実は「銭湯」と「スーパー銭湯」は、法令により明確に分類されています。
条例による分類
「公衆浴場法」という法律で、入浴施設を「公衆浴場」と名付けています。
※ [公衆浴場法 第一条]
この「公衆浴場」を、各都道府県が制定する条例により以下の2つに分類しています。
- 普通公衆浴場(いわゆる銭湯)
- その他の公衆浴場(銭湯以外。
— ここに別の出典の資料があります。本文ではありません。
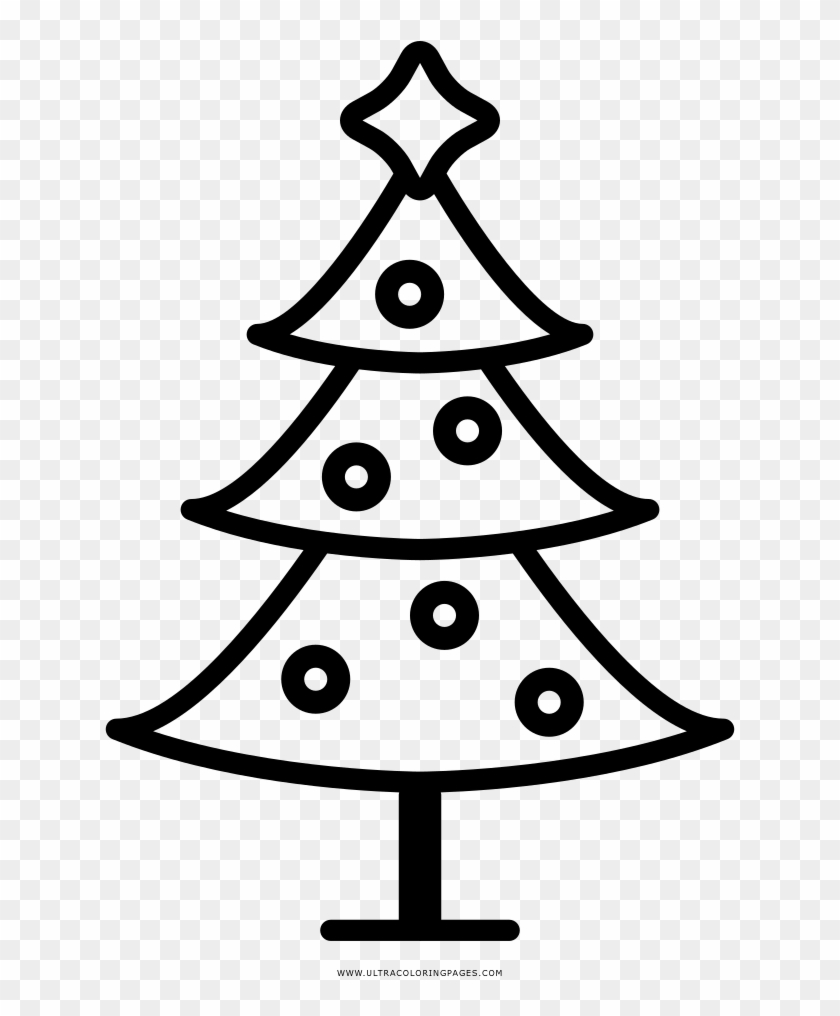 Christmas Tree Coloring Page - Christmas Tree #1015601
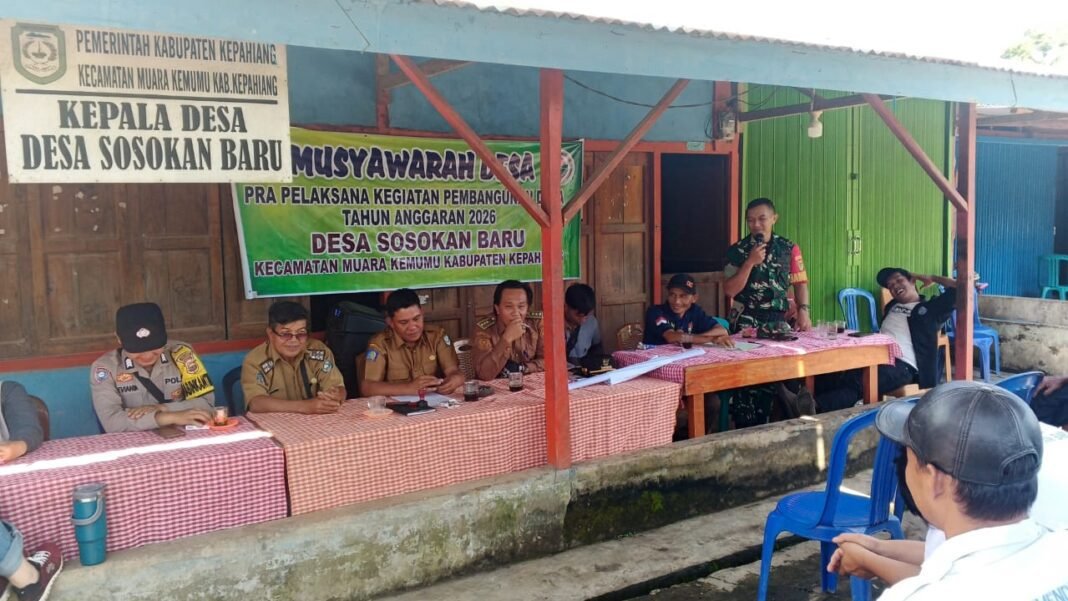 Pemdes Desa Sosokan Baru ,Gelar Musyawarah Pra Pelaksana Kegiatan TA 2026 Pemdes Desa Sosokan Baru ,Gelar Musyawarah Pra Pelaksana Kegiatan TA 2026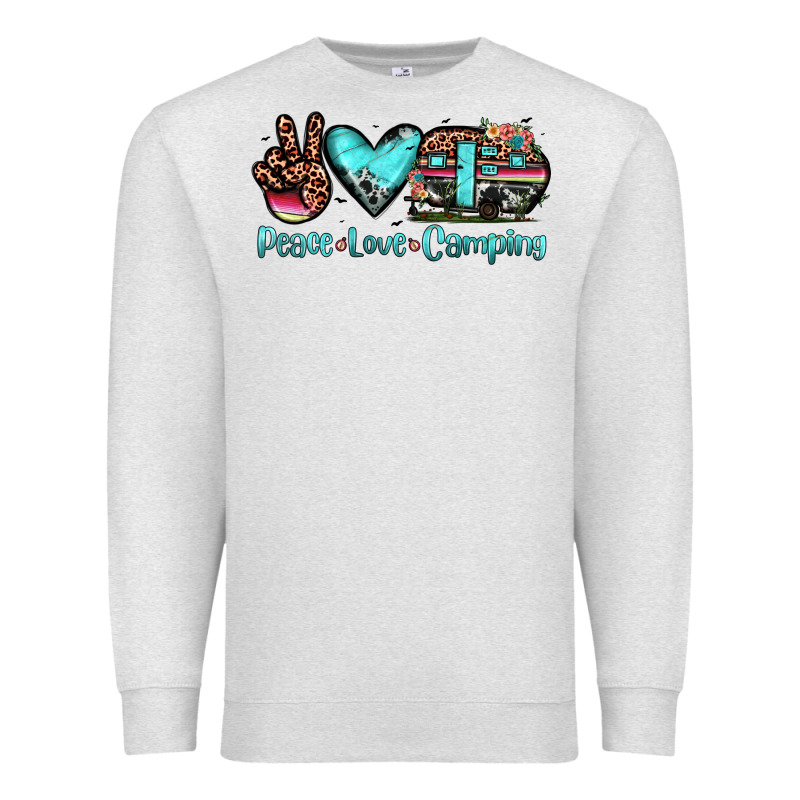 Peace Love Camping Premium Sweatshirt by JahusDesignShop | Teevron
スーパー銭湯・健康ランド・家族風呂など)
※ [石川県公衆浴場基準条例 第二条]
なぜか公衆浴場法ではなく条例で分類しているのですね。
そのため、普通公衆浴場ではなく「一般公衆浴場」、その他の公衆浴場ではなく「特殊公衆浴場」と呼ぶところもあるようです。
銭湯であるためには
では銭湯(普通公衆浴場)として分類されるための条件は何なのでしょうか。
- 設置制限
「銭湯と他の銭湯の間が、350メートル以上離れている」
※ [石川県公衆浴場基準条例 第三条] - 衛生基準
「脱衣場と浴室の”広さ”が基準以上」
「浴槽の”深さ”と”広さ”が基準以上」
「浴槽に階段や手すりを設ける事」
※ [石川県公衆浴場基準条例 第四条] - 価格統制
「”物価統制令”に定められた入浴料金」
※ [公衆浴場の確保のための特別措置に関する法律 第二条]
もっとも分かり易いものは「入浴料金の違い」のようです。
「銭湯」には価格統制により「入浴料金の上限」が決められているのです。
なぜ銭湯とスーパー銭湯は区別されるの?
なぜ「入浴料金」で銭湯を区別する必要があるのでしょうか?
条例にはこのように書かれています。
“普通公衆浴場(銭湯)は、利用目的及び利用形態が地域住民の日常生活にとつて保健衛生上必要な施設として利用される公衆浴場”
※ [石川県公衆浴場基準条例 第二条]
つまり、各家庭にお風呂が普及していなかった時代に、地域の方に日常的に「安価で利用」していただくために「価格統制(入浴料金を低く抑える)」を行う必要があったようです。
もう安い風呂屋さんはいらない?
では、各家庭にお風呂が普及した今となっては「銭湯」は不要なのでしょうか?
ありがたい事に、今でも銭湯には家にお風呂があるのにもかかわらず来ていただけるお客さまがいらっしゃいます。
「大きなお風呂が好き」「お風呂友だちがいるから」「家の風呂掃除が面倒やし」「独り身でお風呂溜めるのがもったいない」など理由はいろいろ。
広くて立派な温泉旅館やスーパー銭湯のお風呂で「自分へのご褒美」にはならなくても、低価格で提供できる銭湯だからこそ、今でも生活の一部になることができているのだと思います。
これからも銭湯!
低い入浴料金が、設備投資などの足かせになることもあります。
しかし「気軽に利用しやすい料金」にしばられているからこそできる役割が銭湯にはあると思います。
皆さんに気軽に入ってもらうための分類である”銭湯”は、私たち”銭湯を営む人”の進むべき道しるべになっている気がします。